What needs to be done.
Should a picture appear anywhere in the data, omit it and copy everything else exactly.
────────────────────
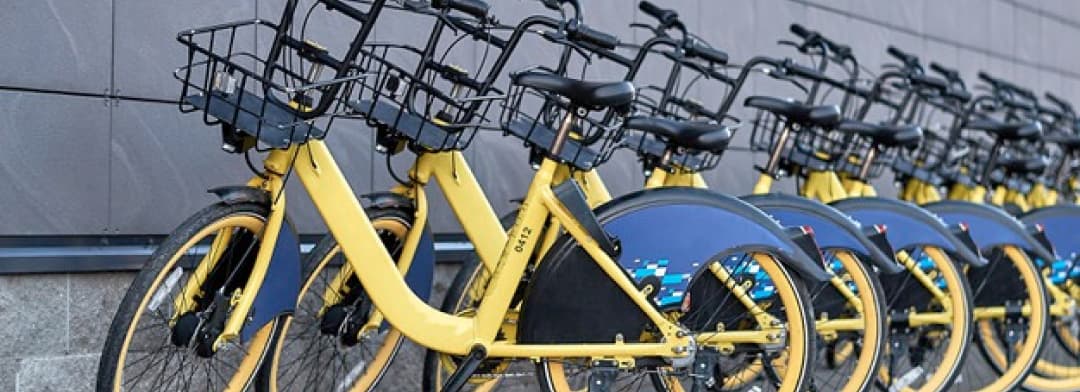 Bicicletas amarillas de renta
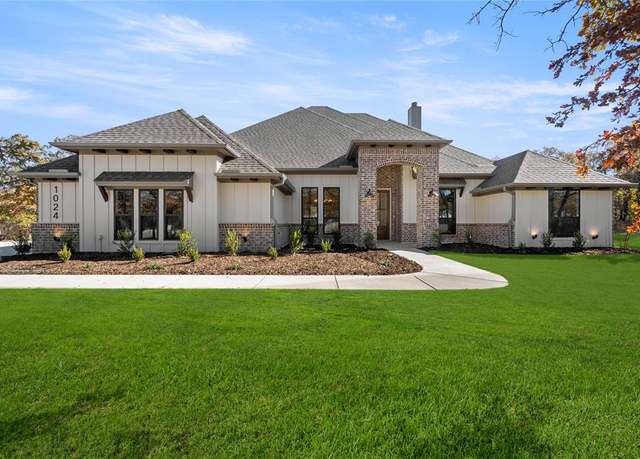 Property at 1024 Arbor Hills Ct, Poolville, TX 76487, 4 beds, 3 baths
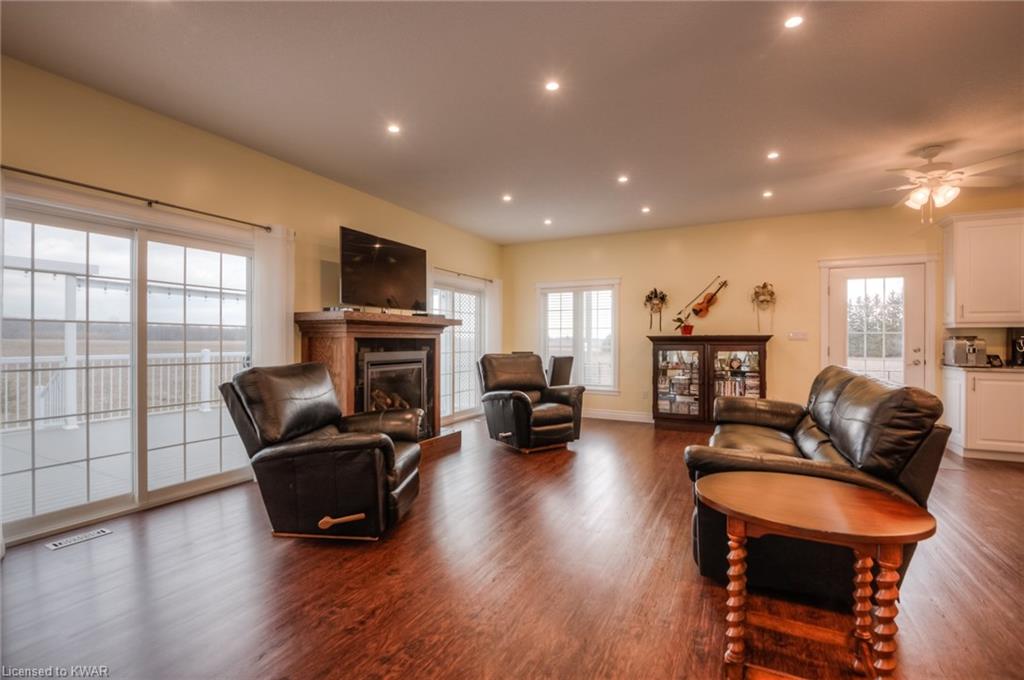 4003 ROAD 104 ., New Hamburg Ontario, Canada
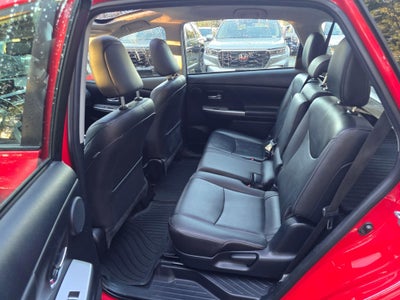 2016 Toyota Prius v Five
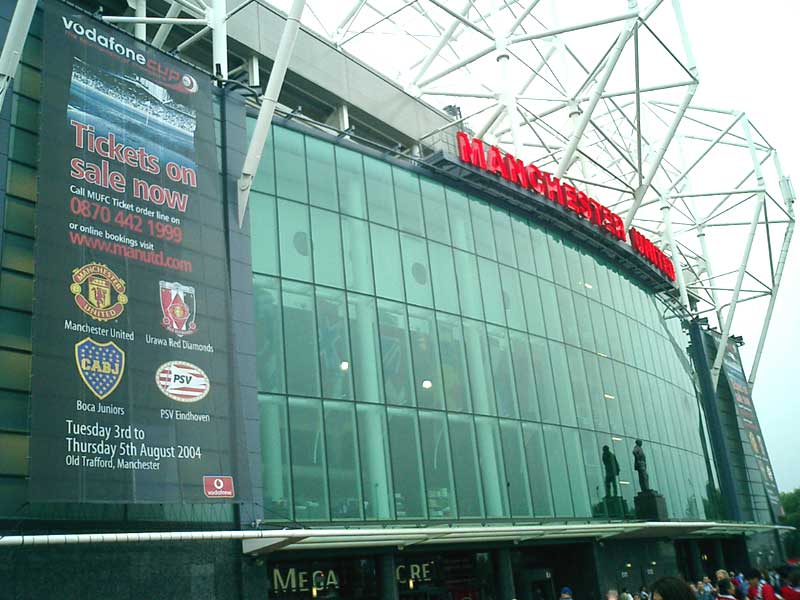 Hình ảnh Mặt trước sân vân động Old trafford - Sân vận động Old Trafford
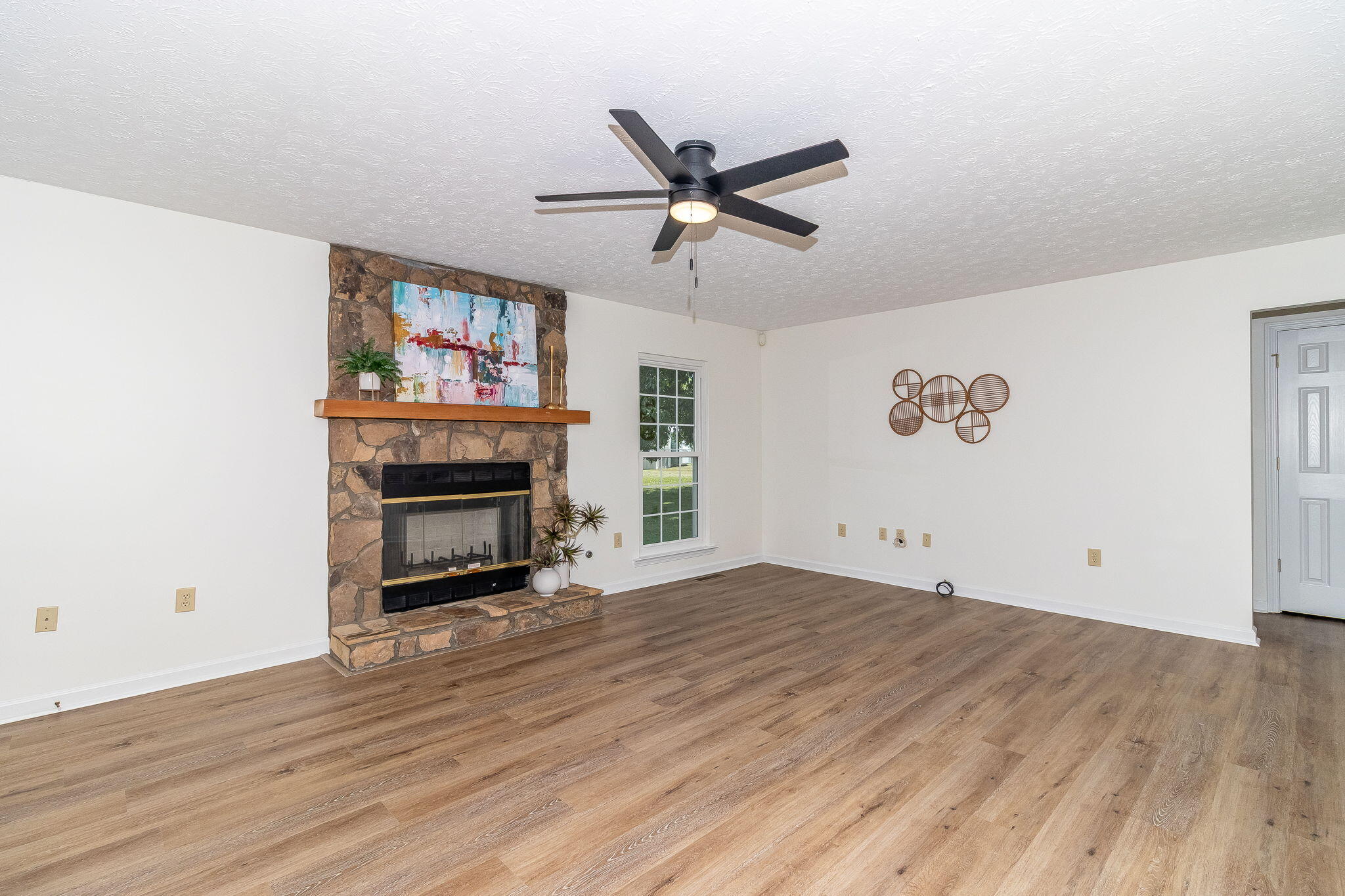 16-web-or-mls-229 OAKS DR. ©-1570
────────────────────
Output of the exercise.
 Bicicletas amarillas de renta
 Property at 1024 Arbor Hills Ct, Poolville, TX 76487, 4 beds, 3 baths
 4003 ROAD 104 ., New Hamburg Ontario, Canada
 2016 Toyota Prius v Five
 Hình ảnh Mặt trước sân vân động Old trafford - Sân vận động Old Trafford
 16-web-or-mls-229 OAKS DR. ©-1570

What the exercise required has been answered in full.